Le grand Bélisaire a conquis la ville, Montaigne l’a visitée…
Elle est la capitale secrète de la péninsule, bien davantage que Sienne, Rome, Florence etc. Et puis, c’est à Urbino que Castiglione, plus utile à lire que Machiavel (là aussi travers français), nous dit ce que doit être un gentilhomme »
Et d’apostropher les intellectuels français, Debray, Sollers, qui ne jurent que par Naples ou Venise !
Je n’ai passé que quelques heures à Urbino, sur le chemin de Pesaro (lire Rossini à Pesaro) Assez pour ressentir cette intense impression d’être dans une cité – modeste par la taille – où tous les murs, les palais, les églises disent l’intelligence, la science, l’art qui les ont vu éclore.
On confirme les termes de Montaigne – dans son Journal de voyage en Italie (1581) – qu’ Urbin est.sur le haut d’une montagne de moyenne hauteur, mais se couchant de toutes parts selon les pentes du lieu, de façon qu’elle n’a rien d’égal, et partout il y a à monter et à descendre.
L’arrivée au pied du monumental Palazzo Ducale, l’ascension par une scala en pente douce
pour déboucher sur la place principale, constituent une expérience fascinante pour le visiteur.
Malheureusement, le jour de notre visite, cathédrale et palais ducal étaient fermés pour cause de fêtes traditionnelles dans la ville.

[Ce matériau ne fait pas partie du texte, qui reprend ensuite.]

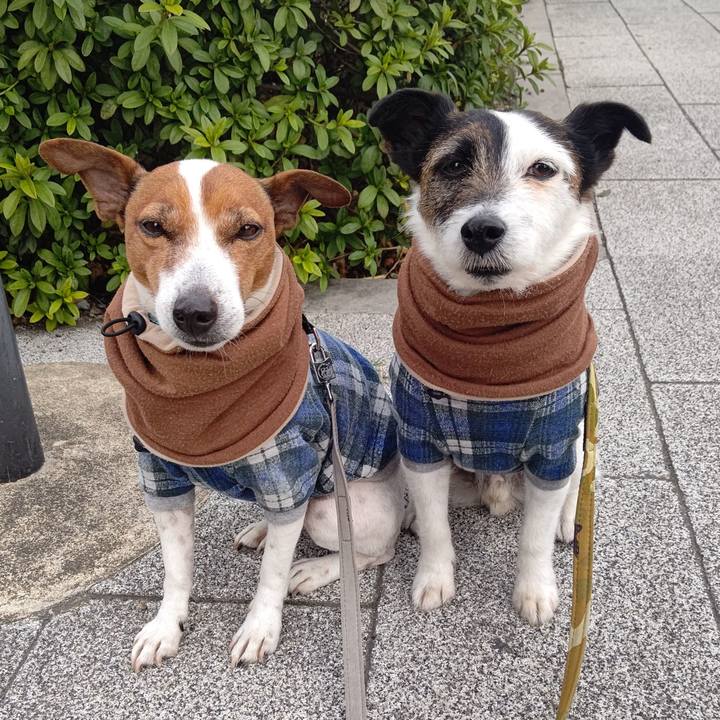 53ef9460 09d7 47c6 8f57 6dc262090ccf 1710800498067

Quand on visite Urbino, le nom qui vient en premier à l’esprit est celui du peintre Raphaël, né le 6 avril 1483 à Urbino, mort le 6 avril 1520 à Rome, Raffaele da Urbino. On se console de n’avoir pu visiter le musée du palais ducal, l’essentiel des oeuvres de Raphaël ayant été dispersées dans les grands musées du monde.

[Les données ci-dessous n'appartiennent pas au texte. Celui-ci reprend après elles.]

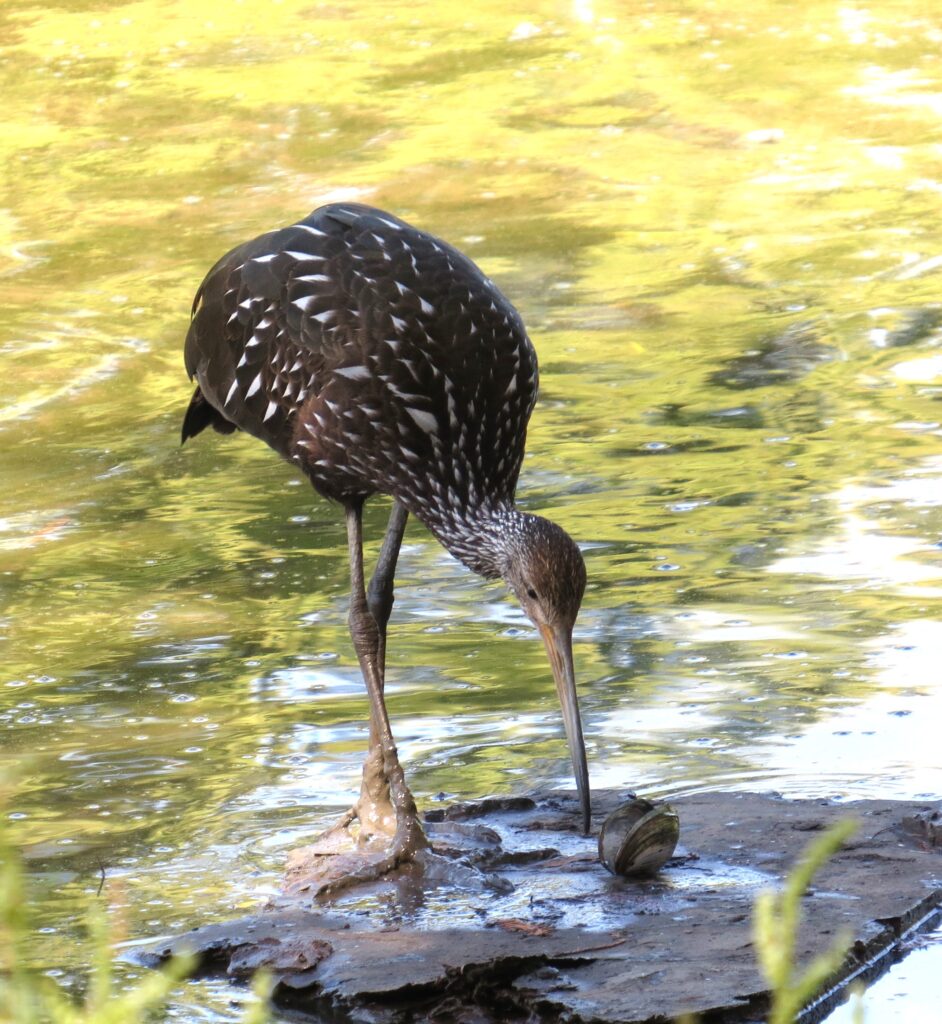 Limpkin Eating Mussel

On se rappelle notamment le choc et les longues minutes passées à Dresde (voir Les musées de Dresde) devant la Madone Sixtine, et les deux angelots les plus célèbres du monde.

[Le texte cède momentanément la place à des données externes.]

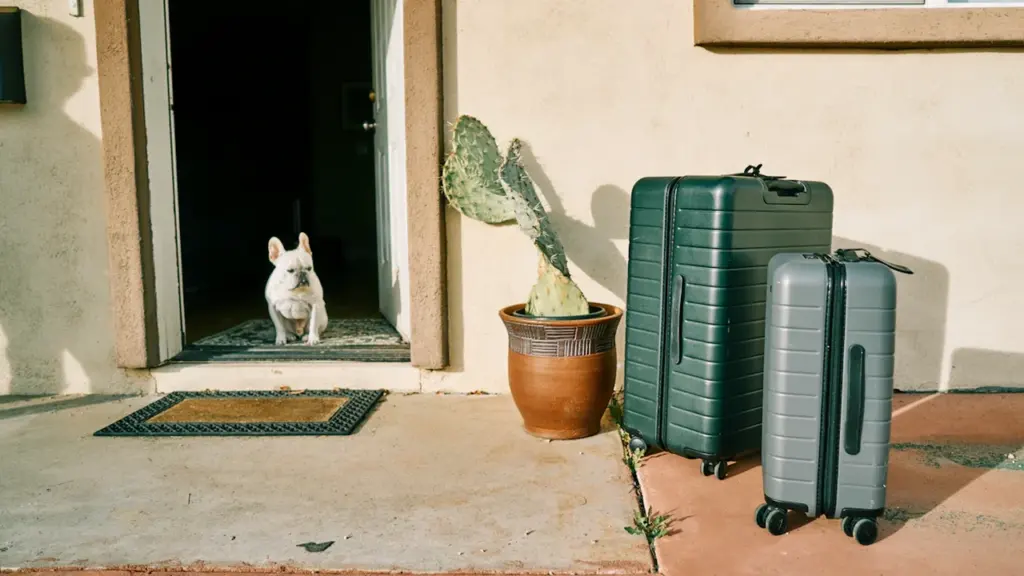 À Lyon, partir en vacances sans laisser son animal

En revanche, la fermeture du musée nous a privés de quelques-unes des toiles célèbres de celui qui a travaillé plus de quatre ans au service du maître d’Urbino, Federico III da Montefeltro, seigneur de la cité de 1444 à 1482, grand protecteur des arts, des lettres et de la science. Piero della Francesca (lire Les fresques de Piero) réalise un double portrait fameux du seigneur et de son épouse Battista Sforza, visible au musée des Offices à Florence.
Deux toiles du maître d’Arezzo sont conservées à Urbino, dont cette exceptionnelle Flagellation du Christ qui révèle une maîtrise absolue de la perspective et de la complexité géométrique de la part de son auteur.
Au début du XVIème siècle, Baldassare Castiglione (1478-1529) fréquente la cour d’Urbino, la plus brillante et raffinée d’Europe.
(Le portrait de Castiglione réalisé en 1519 par Raphaël – Musée du Louvre)
C’est très certainement à partir des joutes intellectuelles, des « discussions » entre les habitués et les visiteurs de la cour d’Urbino, que Castiglione va concevoir son Livre du courtisan, qui, dès sa parution en 1528, et sa traduction en français en 1537, est un bestseller dans toute l’Europe !
Le Livre du courtisan n’est pas un livre théorique. C’est une conversation pleine d’esprit, de grâce et de désinvolture (les trois plus grandes qualités de l’homme de cour selon Castiglione), de poésie aussi, qu’échangent des amis dans le cadre de la cour du palais ducal d’Urbino, une des plus raffinées d’Italie à l’aube du XVIe siècle. Pendant quatre soirées, on danse, on écoute de la musique, on plaisante, et surtout on discute des « manières », bonnes ou mauvaises, des princes, dont il faut attirer les faveurs, des femmes, de l’amour.